Dare I say it, but it’s a very MMO-like approach to level design, only without the complex team strategies and skill loadouts that MMOs generally mandate. In actual fact, interaction between players – and therefore teamwork, is very simple in Federation Force. It’s best in local multiplayer, where you can quickly bark orders to one another in those very rare moments where it's necessary, but even online, all you need to do is fit in around what everyone else is doing in order to be a useful part of the team. Because all the challenges are quite straightforward, it doesn’t take long for this game to transition to four players running around and doing their own thing rather than coming together as a cohesive team.
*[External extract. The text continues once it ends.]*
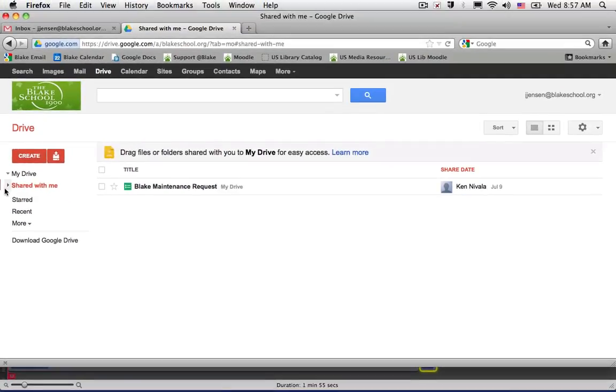So some very helpful features in terms of being able to locate documents that are shared with me and create new documents in my account.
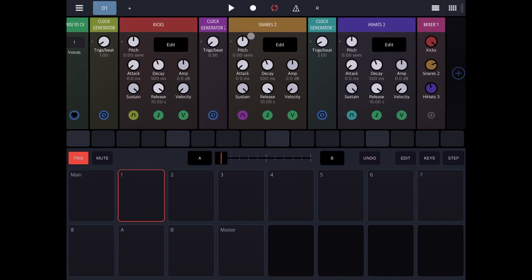So as you can see, you can easily create a beat just using a single track. And you can use the clock generators to drive the events for each of the individual samplers. And then you can connect the output of those samplers into a mixer to mix the different events generated by the clocks.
Boy is the single player mode poor, too. For whatever reason the developers decided not to rebalance the game, based on how many people are playing, so players flying solo will need to do the work of four. There’s a couple of mods that players can get that power up the mechs that they drive into battle, and one of those mods is only available in single player, and significantly ramps up the damage that your particular mech can deal and receive, but it’s nowhere near enough to compensate for the lack of three other pairs of eyes and hands. I’m not about to qualify for eSports world championships in shooters any time soon, but I’m good enough to work through normal or hard settings in them. I find Federation Force impossible solo player.
Two player is perhaps even worse, because again the game is balanced towards four players, but when you’ve only got one buddy you don’t even get to use the power-up mod available to single players. Realistically, unless you’re able to play through the game with three or four players there’s no way that Federation Force is going to be much fun.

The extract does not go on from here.